Jack Higgins – Confessional

‘Garbo is not unknown to me,’ she said, ‘and I’m duly flattered. However, you still have not told me what it says for you?’

‘A profound question when one considers the day,’ Devlin told her. ‘At seven o’clock this morning, they celebrated a rather special Mass in St Peter’s Basilica in Rome. The Pope together with cardinals from Britain and the Argentine.’

‘And will this achieve anything?’

‘It hasn’t stopped the British Navy proceeding on its merry way or Argentine Skyhawks from attacking it.’

‘Which means?’

‘That the Almighty, if he exists at all, is having one hell of a joke at our expense.’

Tanya frowned. ‘Your accent intrigues me. You are not English, I think?’

‘Irish, my love.’

‘But I thought the Irish were supposed to be extremely religious?’

‘And that’s a fact. My old Aunt Hannah had callouses on her knees from praying. She used to take me to Mass three times a week when I was a boy in Drumore.’

Tanya Voroninova went very still. ‘Where did you say?’

‘Drumore. That’s a little market town in Ulster. The church there was Holy Name. The thing I remember most was my uncle and his cronies, straight out from Mass and down the road to Murphy’s Select Bar.’

She turned, her face very pale now. ‘Who are you?’

‘Well, one thing’s for sure, girl dear.’ He ran a hand lightly over her dark hair. ‘I’m not Cuchulain, last of the dark heroes.’

Her eyes widened and there was a kind of anger as she plucked at his coat. ‘Who are you?’

‘In a manner.of speaking, Viktor Levin.’

‘Viktor?’ She looked bewildered. ‘But Viktor is dead. Died somewhere in Arabia a month or so ago. My father told me.’

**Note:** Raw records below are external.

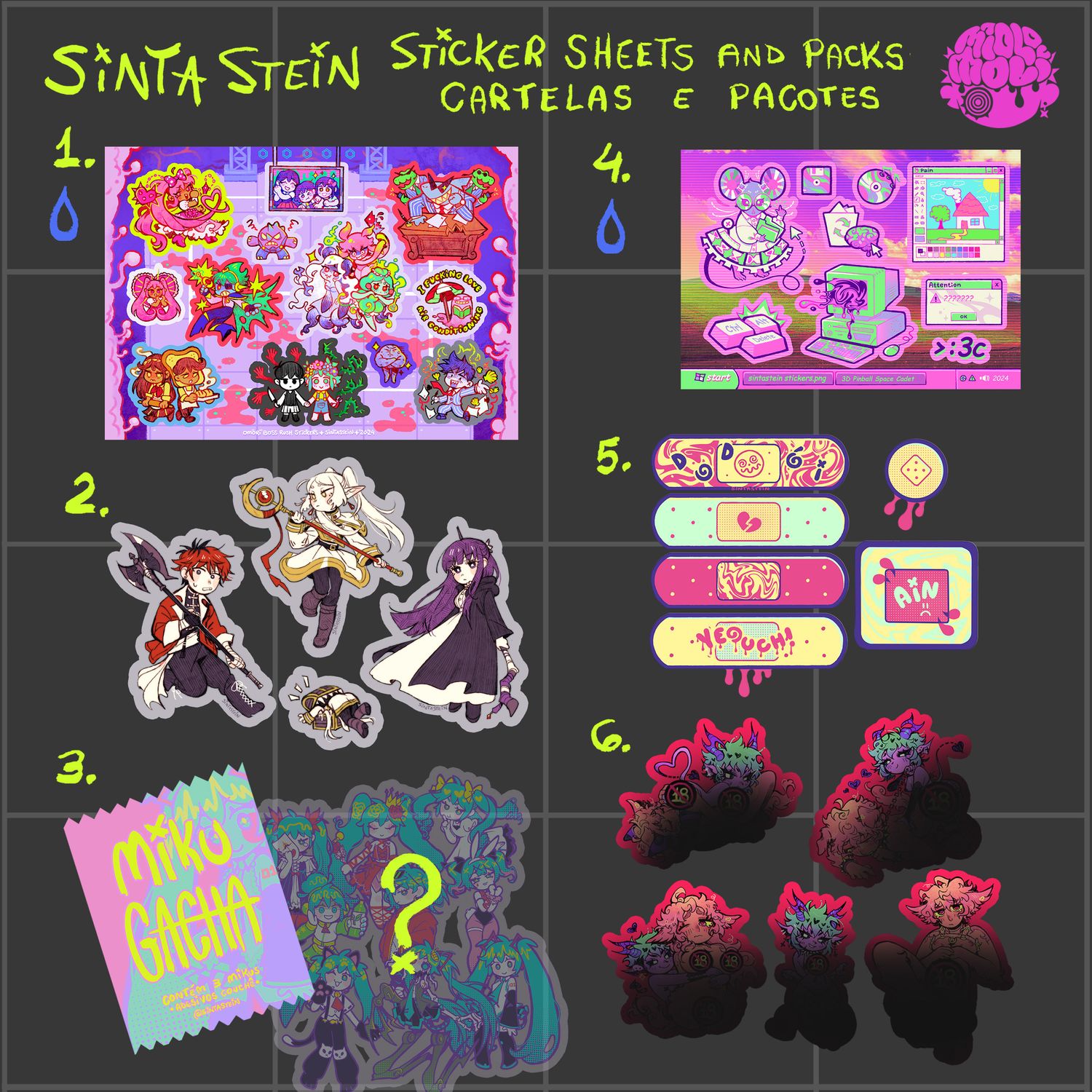🆕⭐STICKER SHEETS and PACKS⭐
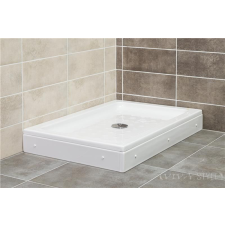 Favorit Twin zuhanytálca szaniter akril szögletes aszimetrikus 120x80 cm kád, zuhanykabin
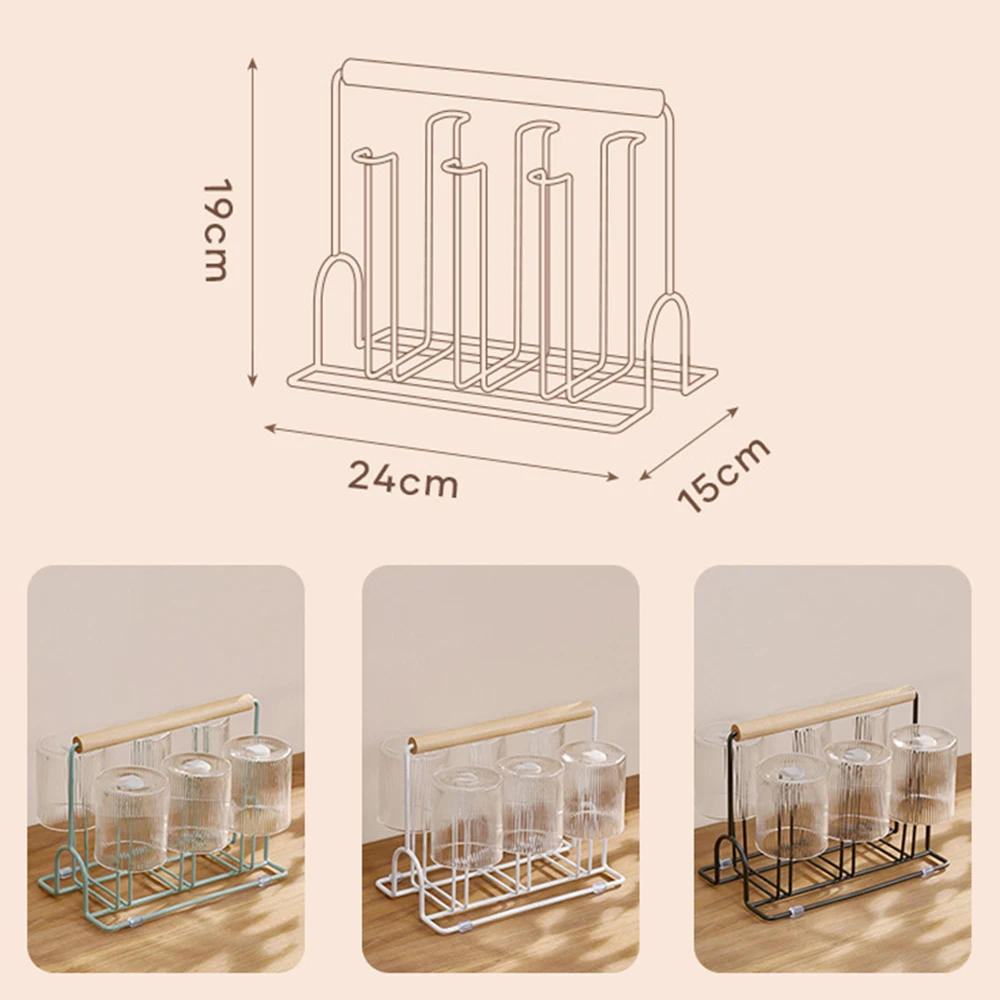 Simple Glass Cup Drying Rack With Handle Non-Slip Water Cup Drain Storage Rack
Simple Glass Cup Drying Rack With Handle Non-Slip Water Cup Drain Storage Rack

‘General Maslovsky? Well, he would, wouldn’t he? No, Viktor escaped. Defected, you might say. Ended up in London and then Dublin.’

‘He’s well?’

‘Dead,’ Devlin said brutally. ‘Murdered by Mikhail Kelly or Cuchulain or the dark bloody hero or whoever you want

to call him. The same man who shot your father dead twenty-three years ago in the Ukraine.’

She sagged against him. His arm went round her in support, strong and confident. ‘Lean on me, just put one foot in front of the other and I’ll take you outside and get you some air.’

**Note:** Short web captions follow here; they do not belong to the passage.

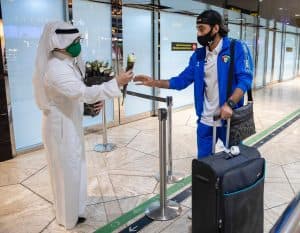 وصول بعثة منتخب الكويت إلى الرياض لمواجهة الأخضر ودياً في الخميس المقبل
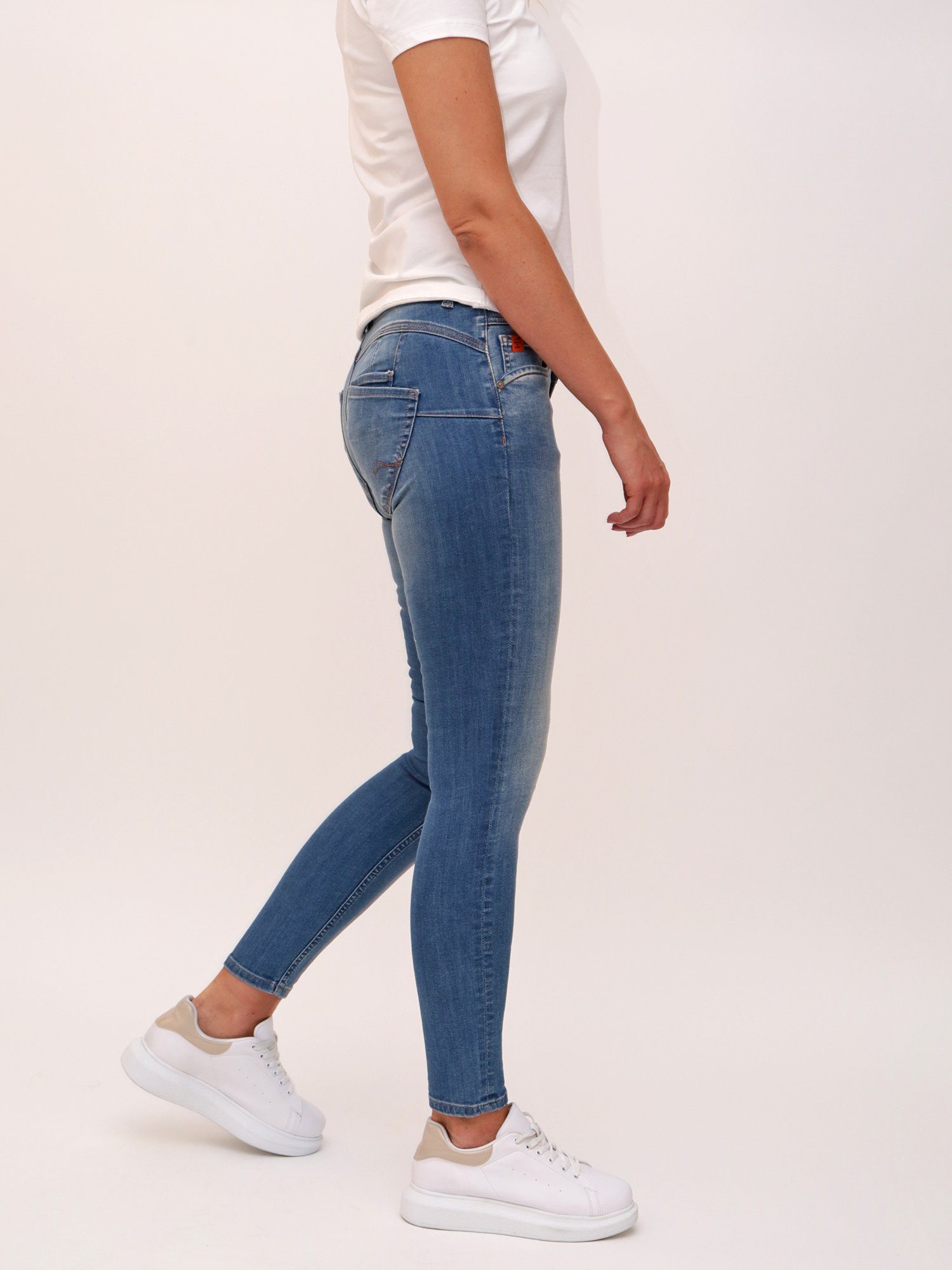 Denim 5-Pocket-Design Skinny-fit-Jeans Ellen of im Miracle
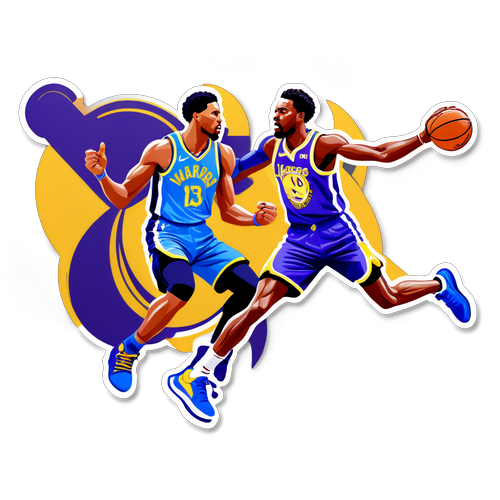 Stickers Energetici Lakers e Warriors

They sat on a bench in the Tuileries Gardens and Devlin took out his old silver case and offered her a cigarette. ‘Do you use these things?’

‘No.’

‘Good for you, they’d stunt your growth and you with your green years ahead of you.’

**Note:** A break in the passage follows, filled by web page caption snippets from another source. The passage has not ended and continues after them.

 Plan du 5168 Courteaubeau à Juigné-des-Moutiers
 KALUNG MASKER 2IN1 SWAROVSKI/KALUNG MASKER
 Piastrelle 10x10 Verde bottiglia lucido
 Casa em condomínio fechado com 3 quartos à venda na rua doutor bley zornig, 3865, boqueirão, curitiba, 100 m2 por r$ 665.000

Somewhere, he’d said those self-same words before, a long, long time ago. Another girl very much like this one. Not beautiful, not in any conventional sense, and yet always there would be the compulsion to turn and take a second look. There was pain in the memory that even time had not managed to erase.

‘You’re a strange man,’ she said, ‘for a secret agent. That’s what you are, I presume?’

He laughed out loud, the sound so clear that Tony Hunter, seated on a bench on the other side of the Henry Moore exhibit reading a newspaper, glanced up sharply.

‘God save the day.’ Devlin took out his wallet and extracted a scrap of pasteboard. ‘My card. Strictly for formal occasions I assure you.’

She read it out loud. ‘Professor Liam Devlin, Trinity College, Dublin.’ She looked up. ‘Professor of what?’

‘English literature. I use the term loosely, as academics do, so it would include Oscar Wilde, Shaw, O’Casey, Brendan Behan, James Joyce, Yeats. A mixed bag there. Catholics and Prods, but all Irish. Could I have the card back, by the way? I’m running short…’

He replaced it in his wallet. She said, ‘But how would a professor of an ancient and famous university come to be involved in an affair like this?’

‘You’ve heard of the Irish Republican Army?*

‘Of course.’

‘I’ve been a member of that organization since I was sixteen years of age. No longer active, as we call it. I’ve some heavy reservations about the way the Provisionals have been handling some aspects of the present campaign.’

‘Don’t tell me, let me guess.’ She smiled. ‘You are a romantic at heart, I think, Professor Devlin?’